Friday, May 18, 2012

fleeing to canterbury.

so. i am joining the episcopal church on sunday.

there are a number of reasons for doing this, but the primary one is ordination. the episcopal church ordains women, no questions asked. i don't have to justify myself. i don't have to defend my "call" (well, any more than anyone else seeking ordination). put simply, i don't have to fight. they will ordain me and let me teach and preach and not bat an eyelash.

i know there are many women who go back to the american evangelical church and fight. they push their way into meetings and committees and church leadership teams. they serve quietly, asking ever so often if the men up there have decided to take a look at the issue again. i could do that. but i'm not a very good politician, and i'd rather be in a place where i can actually use my talents rather than have to spend half my time convincing people to let me do so.

another key reason is that i'm currently plugged into an episcopal church for my internship, and they have been very supportive of sending me on for ordination. if i didn't do this, i would have to wait until next summer and find a new church and start all over again. am i rushing in too fast? probably. but that doesn't mean it's necessarily wrong.

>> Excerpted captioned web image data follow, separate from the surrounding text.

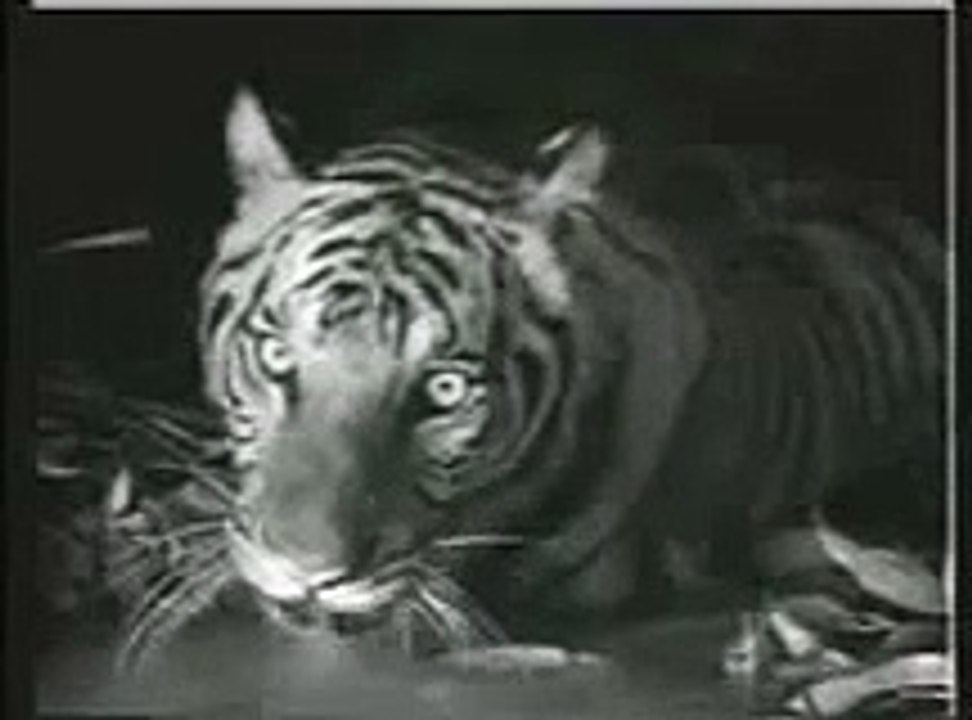 Tiger defeats Crocodiles. (The only real fight in water)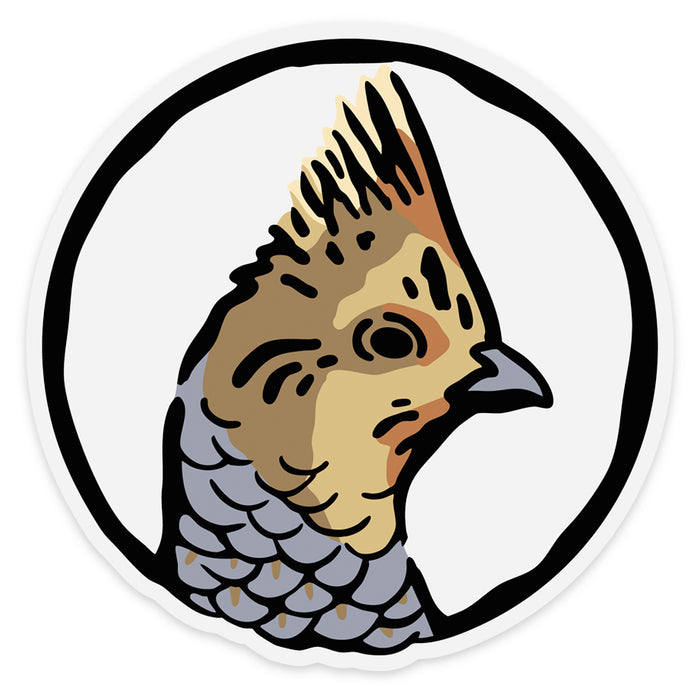 Scaled Quail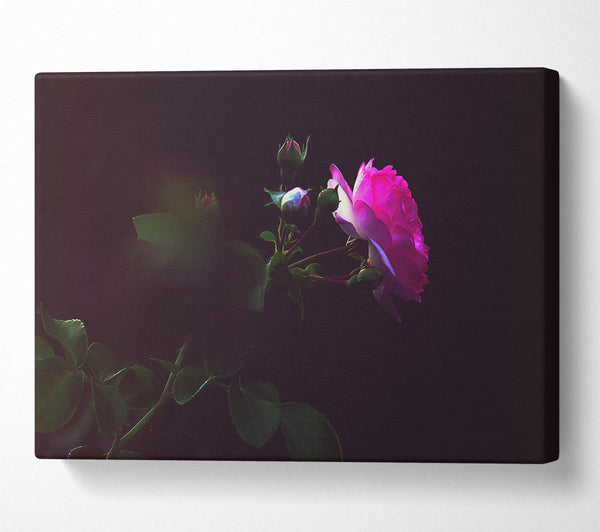  A Canvas Print of Pink Rose In Darkness Canvas Wall Art
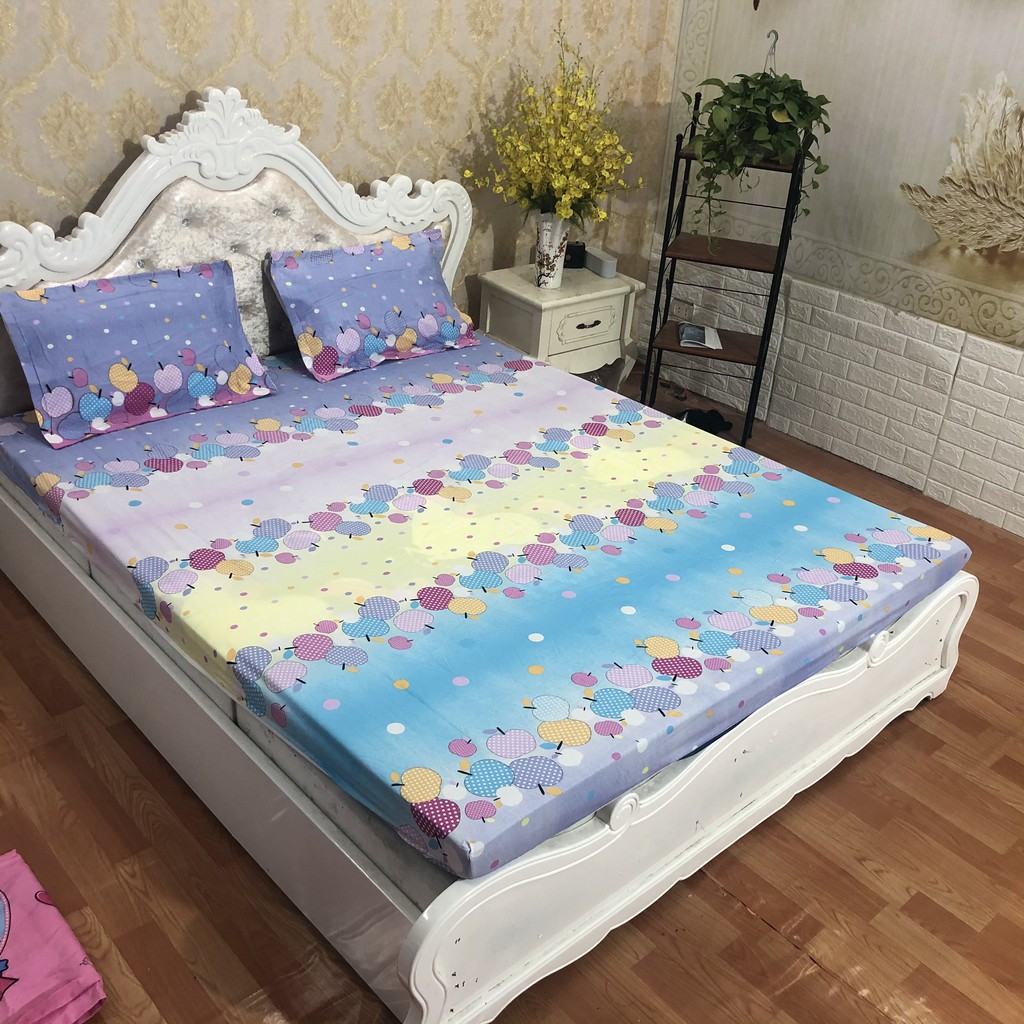 Bộ ga gối 1m6x2m set 3 món poly rẻ nhất hcm mẫu táo nhiều màu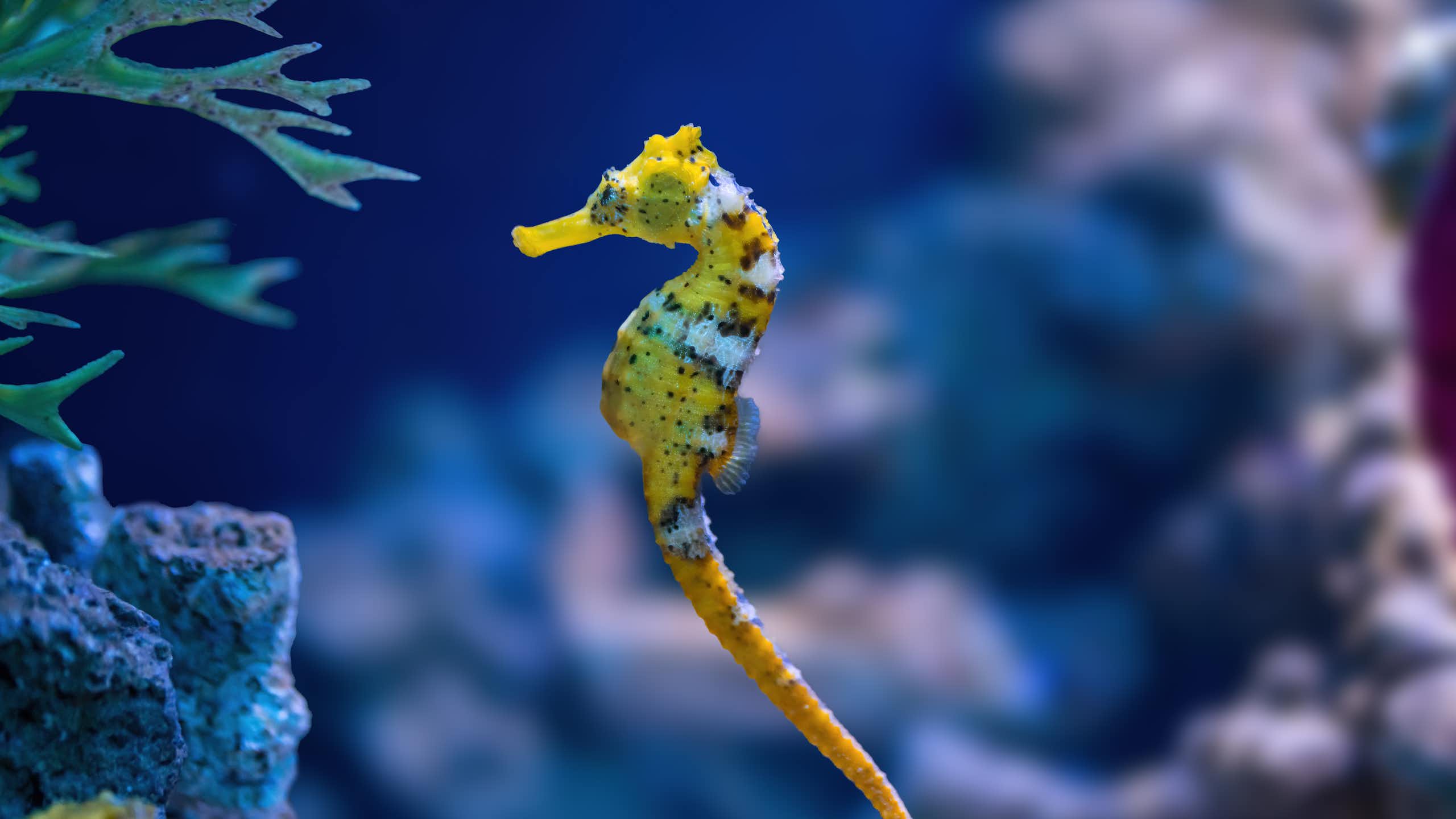 A invisibilidade das espécies aquáticas nas estratégias de conservação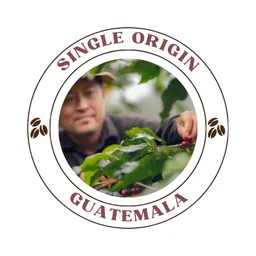 Guatemala coffee beans from Quists Coffee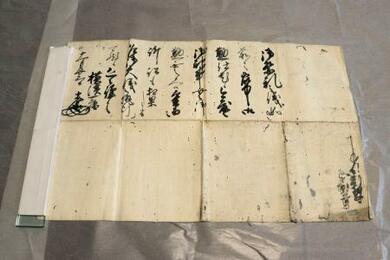 秀吉弟、秀長にまつわる書状発見 垣間見える国統治の一端 | 新潟日報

and, in the end, i love the anglican tradition and liturgy. except the whole state church thing, but it's a disestablished church here, so that's ok. i like Thomas Cranmer and Elizabeth I and John Donne and C.S. Lewis and Dorothy Sayers. and i even like Anselm. plus the anglican church can draw on celtic spirituality almost natively. and they're not a reformed tradition. there's a place for art and music and beauty and poetry. the episcopal church, and even the anglican church is centered on worship, not doctrine. they are the via media; they encompass a range of beliefs and are not fixated on doctrinal or idealogical purity. they even have a peace movement and support conscientious objection.

i guess i'll have to baptize babies if i even enter parish ministry, which i think is silly, but there's a good chance i'll only ever be an associate and hopefully spend more time getting a ph.d. and being a professor. but this is the thing: i've discovered that, generally in the church, in order to teach, you have to be ordained. i don't want to be anything but an associate pastor/priest and a professor; i don't think i would be a good primary pastor for any church. but if i want to teach, being able to say i am "an ordained episcopal priest" can only help.